Review of The Contemplative Pastor


Eugene H. Peterson, The Contemplative Pastor: Returning to the Art of Spiritual Direction (William B. Eerdmans Publishing Company, 1993)

I’ve been meaning to read The Contemplative Pastor for quite some time. It has been recommended to me several times over the years by friends and colleagues that I trust. But like all things that come highly recommended, a person has to decide for oneself whether or not to take the plunge and see what all the hype is about.

After receiving yet another recommendation for the book this January, I finally decided to pick up a copy for kindle. Was it equal to the hype? Well, yes and no.

If you are of a certain personality or mindset, the poetic language of Peterson’s work will no doubt draw you into his story and speak to your soul. Though I enjoy poetry and am a creative professional, I have always struggled with poetic language in pros. So in some ways, it made the book a little bit less accessible to me. It wasn’t an easy read.

On the other hand, that may have been Peterson’s point. The language forced me to slow down, to think through what is being said, to – in essence – become contemplative.

When I think of a book that I would classify as “awesome” I typically think of something I can’t put down, a real page turner. Peterson’s book required multiple sittings for me. I had to put it down, so that I could think about what I had just read. Some parts of it frustrated me, while others spoke deeply to my soul.

The Contemplative Pastor is not the kind of book that I can jump up and down, waving my arms enthusiastically about. It is not the sort of book I can recommend to every casual reader that I meet. But it is precisely the sort of book I needed to read as a pastor, and for those who are seeking to live deeper spiritual lives of service – I can’t recommend it highly enough! You don’t have to be a pastor to gain from this work.

In the first part of the book, Peterson attempts to redefine the role of the pastor. This role has changed drastically in the last hundred years. Pastors are now, more than ever, expected to ‘be all things to all people’. They are preachers, counselors, wedding planners, event coordinators, coaches, theologians, building supervisors, chaplains, personnel managers, and friends, just to name a few. Peterson argues that, while none of these things are bad, the pastor is called to a specific set of roles (not jobs, but identities) that must be made primary for the pastor to fulfill his or her responsibilities.

Peterson suggests that the pastor’s role in the community of faith is, first and foremost, to be: 1) unbusy, 2) subversive, and 3) apocalyptic. And he goes on to explain quite convincingly what these mean and why pastors who allow all of the other necessities of the job to interfere with these three are in danger of burnout, frustration, and failure.

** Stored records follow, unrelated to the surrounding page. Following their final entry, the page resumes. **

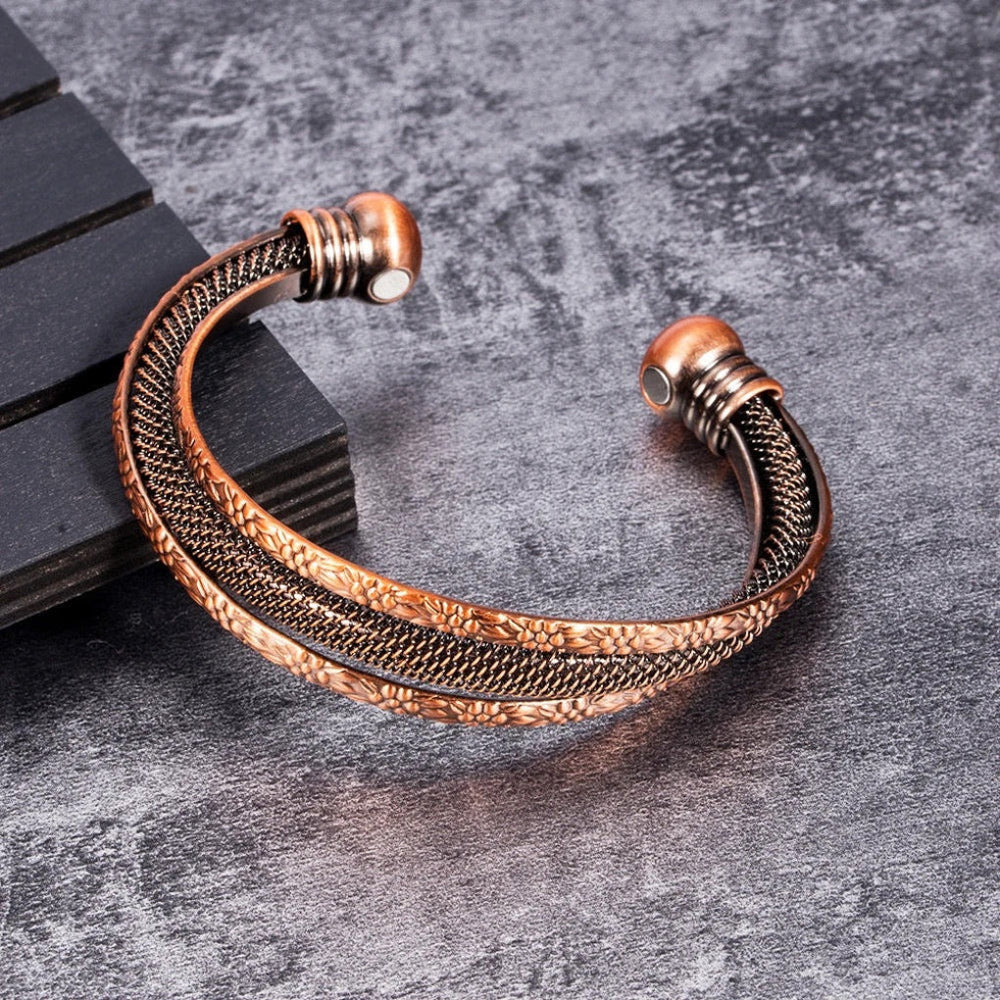Elegante roodkoperen open armband voor dames, verstelbaar, perfect voor een stijlvolle vintage look.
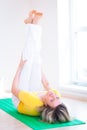 Woman doing YOGA exercise at home Royalty Free Stock Photo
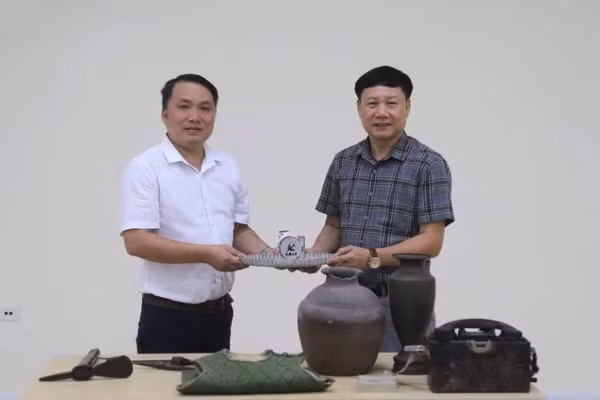 Phó Giám đốc Bảo tàng tỉnh Quảng Trị Mai Thế Trung (áo trắng) trao hiện vật, tư liệu phục vụ xây dựng Bảo tàng Đảng Cộng sản Việt Nam 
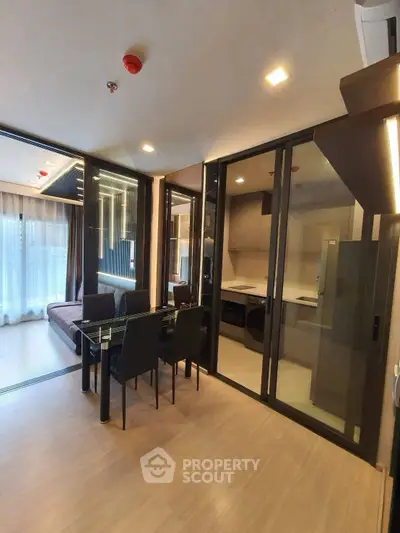 Modern open-plan living and dining area with glass partition and sleek furnishings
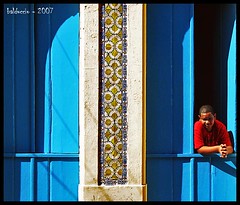 Boy in red over blue duplex door (or something like that) - by Edgardo Balduccio
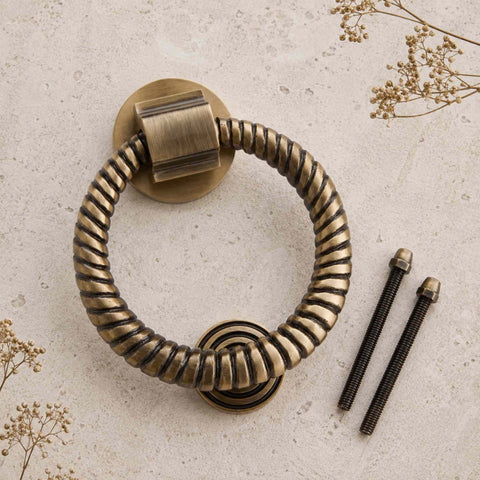 Antique Brass Reeded Ring Door Knocker with matching fixing bolts on a stone background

In the second part of the book, Peterson turns to the work and life of the pastor between Sundays; what he calls ordinary ministry. It is what I have previously referred to as ministry in the everyday. In this section, he talks about the importance of remembering our call to “cure souls”, becoming attentive in prayer, and learning to discern what is going on in the deeper recesses of people’s souls, looking past what displays on the surface, and recognizing the realities of everyday life that people face.

Peterson goes on to speak frankly about the reality of spiritual growth, the importance of “small talk” (i.e., living together in authentic relationships daily), and the new way in which modern people are “unwell”. He also takes this opportunity to reflect on his sabbatical year, which prompted this book, talking about the deep trust that was built up between him and his congregation during that time, and the fruits that have arisen from it.

In the third part of the book, Peterson gives the reader a collection of his own poems for consideration. He says that poets and pastors have a lot in common, because of our careful use of words. He suggests that pastors become allies with poets, and in this final section, he demonstrates his kinship with poets through his own contemplative verse.

Altogether, The Contemplative Pastor is a good read that I highly recommend for pastors, church leaders, or anyone who seeks to live a deeply spiritual life of service. It may frustrate or confuse you at times, but it will most definitely stretch you, nourish your soul, and give you incredible food for thought.